The most convincing explanation for the hate and malice is remarkably simple – the label pedophile is the ‘pissing-pot’ of the 21st century.  It carries all the shit, hate, and malice, modern society feels about itself.  Gone are the days when one can talk in derisory ways about a person of colour.  You can’t talk about marginalised groups as freely as one might have in the past. The United Nations and other international bodies are letting you know: do that and we will take you down.  In this modern life of political correctness the label pedophile remains the one label you can use to destroy a person utterly, and odds on you won’t be attacked when you use it.

jesus 2

Image sourced from Amazon.com

This comment seems harsh, but an overview may well put what is argued inside a context that gives it credibility.  The path into this situation where one is blocked from attacking and dehumanising individuals and groups has a long history. Western culture has been shaped by many factors and one of them is religion.  Both the Ancient East and Christianity have played a role in how Western cultures deal with sin. Walter Kasper in his 1976 text on Christology,  Jesus The Christ, explains how this idea of atonement worked in the East.

“The individual is deeply involved in the community by reason of a common origin and a common destiny.  His evil deed is always a burden on the whole people.  A sinner was regarded as a common danger in a very direct and realistic sense.  Therefore the worshiping community had to dissociate itself from him solemnly and demonstratively and break off solidarity with the wrongdoer. That was done by excommunication and cursing.  Only by that kind of atonement could the people be reconciled with God. Atonement however was also possible through vicarious actions.  The best known atonement ritual was the transmissions of the sins of the people by imposing hands on a goat and driving it into the desert thus burdened with the sins of all (Lev. 16.20ff).” (Kasper, p.215)

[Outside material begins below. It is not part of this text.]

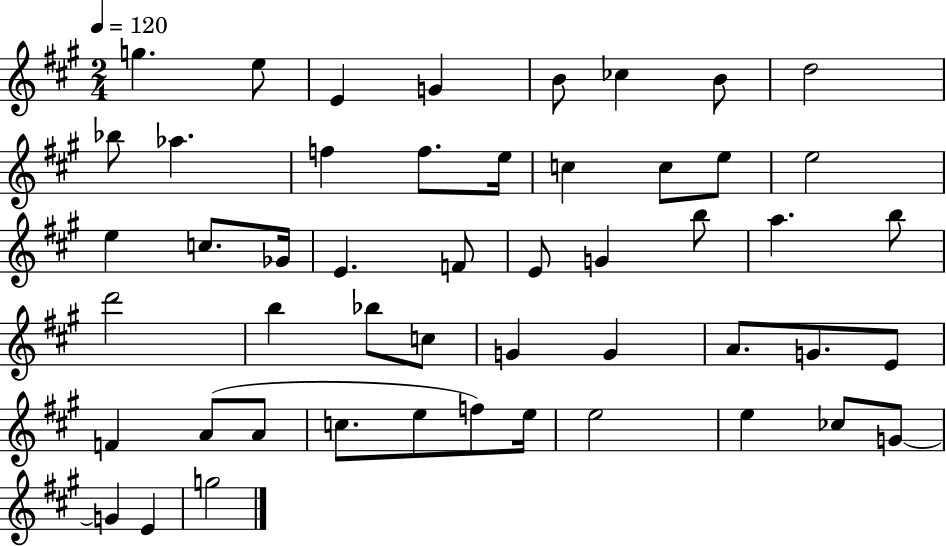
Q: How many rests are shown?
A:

For Christians Jesus was considered to be part of an atonement process that was exhaustive – he stood in for others.  That one action – a life and its death – made any further acts of solidarity with the sinner superfluous.  No one else need die on a cross.  Jesus was more than a person, he was a life-process.  All people’s wrongdoing was taken upon him – a laying on of hands linked to a wrongful execution – in this case one did not have a goat but a person – in this way Christians argued things were put right, and it happens only once.  No other individual need ever do this again.  It is not an alibi – it requires the person walk the Christian path, but it is not magic, and nor does the individual make it happen. This is seen as God doing what humanity on its own could not.  A second image was the idea the person was walking into the tomb of Jesus (Paul in his Letter to the Romans).  The individual is still required to commit to this new self but the atonement aspect is achieved via what can be called ‘the Jesus narrative”.

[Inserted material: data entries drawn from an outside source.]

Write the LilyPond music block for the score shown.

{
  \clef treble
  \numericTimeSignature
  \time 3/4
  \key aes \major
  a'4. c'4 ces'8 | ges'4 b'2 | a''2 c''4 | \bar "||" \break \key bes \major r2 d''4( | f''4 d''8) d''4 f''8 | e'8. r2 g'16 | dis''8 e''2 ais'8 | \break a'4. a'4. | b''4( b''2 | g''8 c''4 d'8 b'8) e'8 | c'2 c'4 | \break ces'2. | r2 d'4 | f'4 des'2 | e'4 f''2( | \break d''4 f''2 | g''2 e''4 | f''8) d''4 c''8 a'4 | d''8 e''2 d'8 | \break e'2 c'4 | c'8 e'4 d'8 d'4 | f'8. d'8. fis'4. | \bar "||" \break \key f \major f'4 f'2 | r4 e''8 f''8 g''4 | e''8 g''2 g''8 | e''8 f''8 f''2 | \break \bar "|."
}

It is useful to unpack this Christian view not to argue a Christian account is superior to other religious narratives; it is rather that people need, just as we do now, to deal with this issue of keeping communities connected while at the same time addressing wrongdoing and harm done by one to another.  The point here is that we can and do find a way – many ways, different ways – to manage what seems irresolvable.  There are secular versions of just this issue in literature if we go looking.

The pedophile is considered a sinner if he has done wrong – sexual abuse of a child. There is a second view, even more punitive, where the person’s sexual orientation is viewed as ‘inclined towards evil’.  Take note, the official Catholic commentary on the homosexual man uses just such language.  In both cases the pedophile benefits from this theological repositioning.  The individual as a sinner is reconnected to the community via this atonement relationship.

Sadly that theological view all too often did not inform what happened for homosexual man in Western culture.  Between the close of the Second World War, moving through Stonewall, and all the way to the decriminalising of their consensual sexual relationships, many gay men – perhaps most – did not receive that message of connection to the worshiping community.  Catholicism has a‘message of ‘love the sinner but hate the sin’.  It was not a convincing message and many homosexual men realised most Christians did not live as if they understood Walter Kasper’s emancipatory message of atonement for everyone.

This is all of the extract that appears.